Джонс вышел бочком, пятясь до самой двери, и споткнулся о край ковра.
- Ну, как мы себя чувствуем? - осведомился доктор. - Судя по вашему
виду, вы с каждым днем все больше приходите в себя.
- Вы думаете? Но кто знает, так ли это? Я не знаю, и вы не знаете,
доктор Форестер. Может, я все меньше и меньше похож на себя.
- В этой связи я должен сообщить вам важную новость, - сказал
доктор Форестер. - Я нашел человека, который может об этом судить.
Некую персону, знавшую вас в прежние времена.
Сердце у Дигби отчаянно забилось:
- Кто он?
- Не скажу. Я хочу, чтобы вы вспомнили сами.
- Вот глупо, - сказал Дигби. - У меня немножко закружилась голова.
- Что ж, естественно. Вы еще не совсем окрепли. - Доктор отпер шкаф
и достал оттуда бокал и бутылку хереса. - Это вас подкрепит.

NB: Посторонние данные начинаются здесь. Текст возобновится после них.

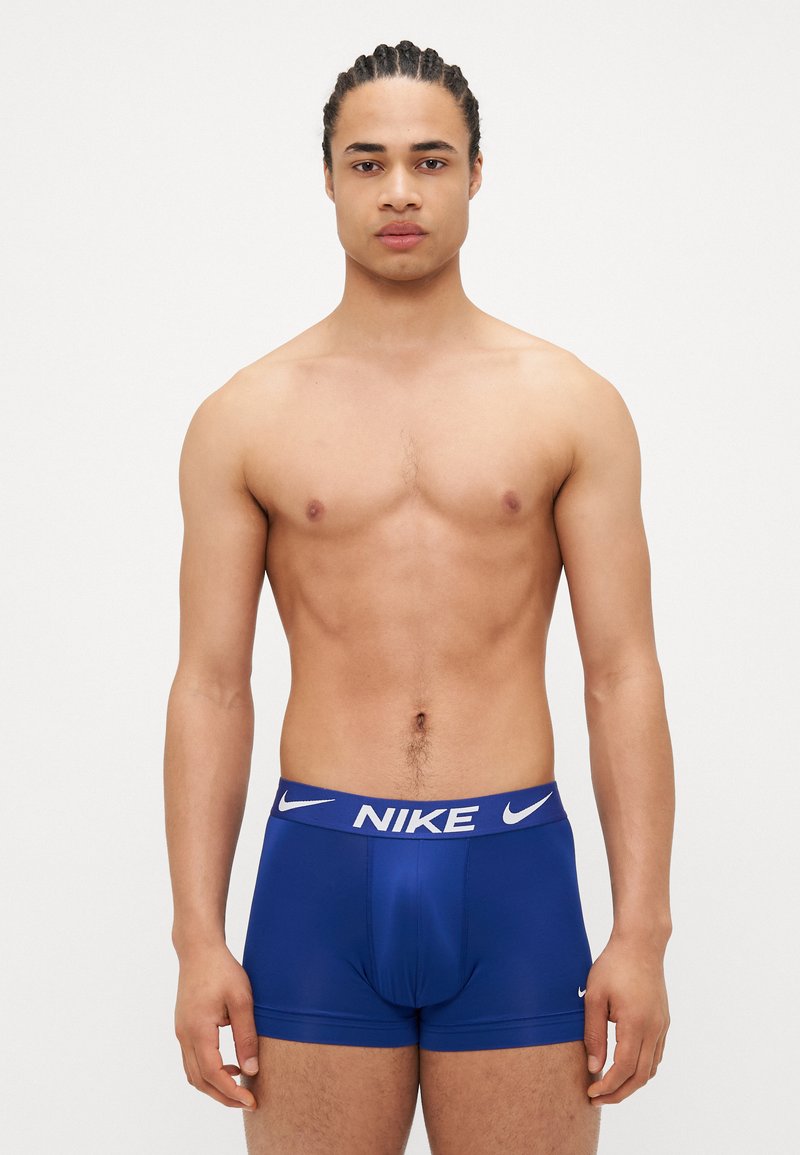Boxeri Nike albaștri cu logo pe talie albă, fabrică netedă, design ajustat și croială de înălțime medie, prezentate pe un model masculin fără cămașă.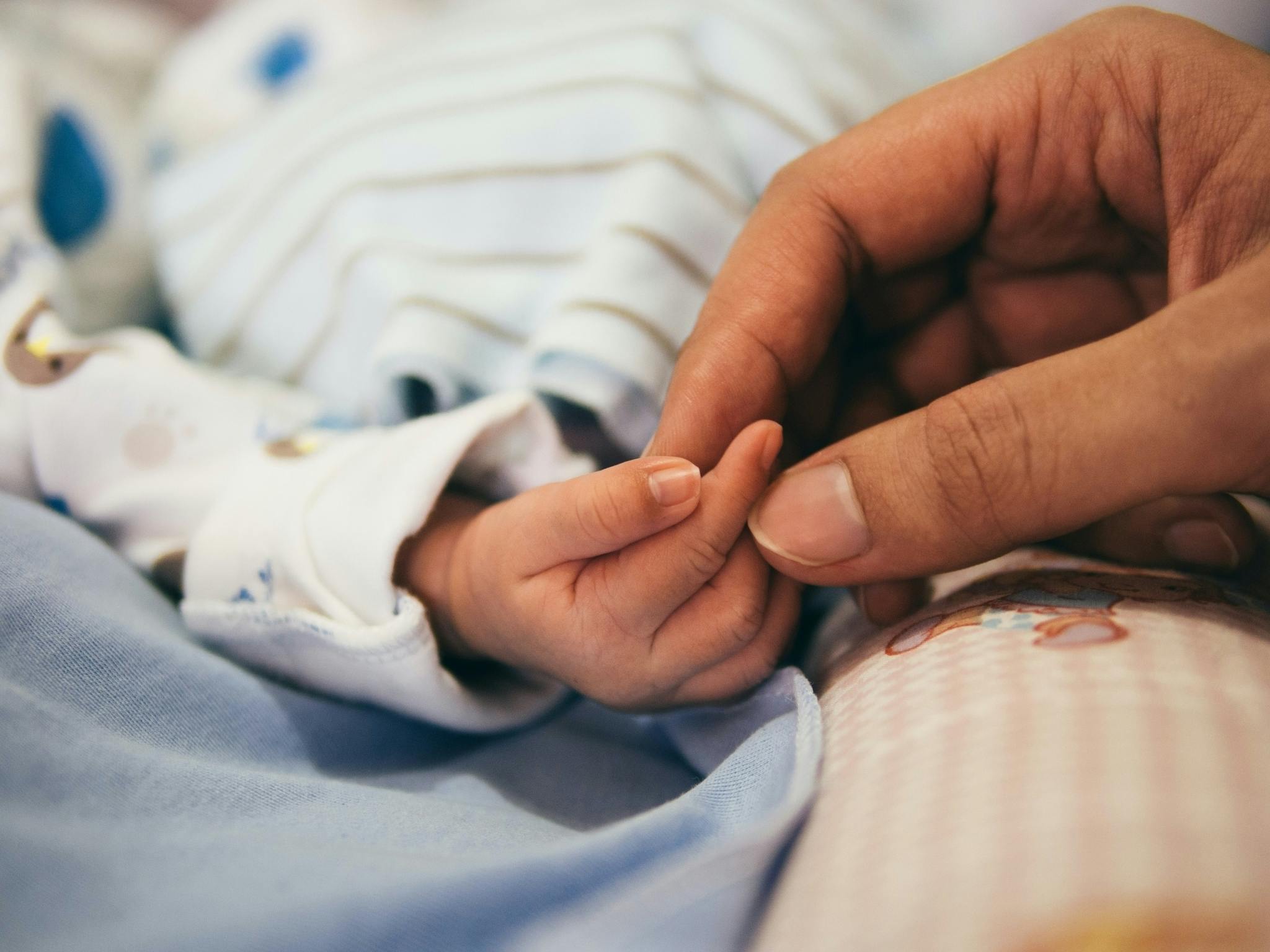 Parent holding a new born baby's hand in a Children's Hospital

- "Тио Пепе", - произнес Дигби, осушая бокал.
- Видите, память возвращается. Еще стаканчик?
- Нет, это святотатство - пить такое вино как лекарство.
Новость его потрясла. И почему-то не очень обрадовала. Трудно
сказать, какая ответственность свалится на него, когда вернется
память. Человек входит в жизнь мало-помалу; долг и обязанности
накапливаются так медленно, что мы едва их сознаем. Даже в счастливый
брак врастаешь постепенно; любовь незаметно лишает свободы; немыслимо
полюбить чужого человека внезапно, по приказу. Пока память сохраняла
для него только детство, он был совершенно свободен. Это не значило,
что он боялся узнать себя; он знал, что собой представляет сейчас, и
верил, что может вообразить, кем стал тот мальчик, которого он помнил;
он боялся не встречи с неудачником, а непомерных усилий, неизбежных
для того, кто преуспел.
- Я ждал, чтобы вы окрепли, - сказал доктор Форестер.
- Понятно.
- Я верю, что вы не захотите нас огорчать.
- Как, он уже здесь?
- Она уже здесь, - сказал доктор.
Дигби почувствовал громадное облегчение, когда в комнату вошла
посторонняя женщина. Он боялся, что дверь отворится и войдет целый
отрезок его жизни, но вместо этого появилась худенькая хорошенькая
девушка с рыжеватыми волосами, очень маленькая девушка - может быть,
она была слишком мала, чтобы он мог ее запомнить. Она была не из тех,
кого ему надо бояться, он был в этом уверен.
Дигби встал, не зная, чего требует вежливость: пожать ей руку или
поцеловать? Он не сделал ни того, ни
другого. Они смотрели друг на друга издали, и у него тяжелыми
ударами билось сердце.
- Как вы изменились, - сказала она.
- А мне все время говорят, что я совсем пришел в себя...
- Волосы сильно поседели. И этот шрам... Тем не менее вы выглядите
гораздо моложе, спокойнее.
- Я здесь веду приятную, спокойную жизнь.
- Они с вами хорошо обращаются? - с тревогой спросила она.
- Очень хорошо. - У него было чувство, будто он пригласил
незнакомую женщину пообедать и не знает, о чем с ней говорить. -
Простите. Это звучит грубо. Но я не помню, как вас зовут.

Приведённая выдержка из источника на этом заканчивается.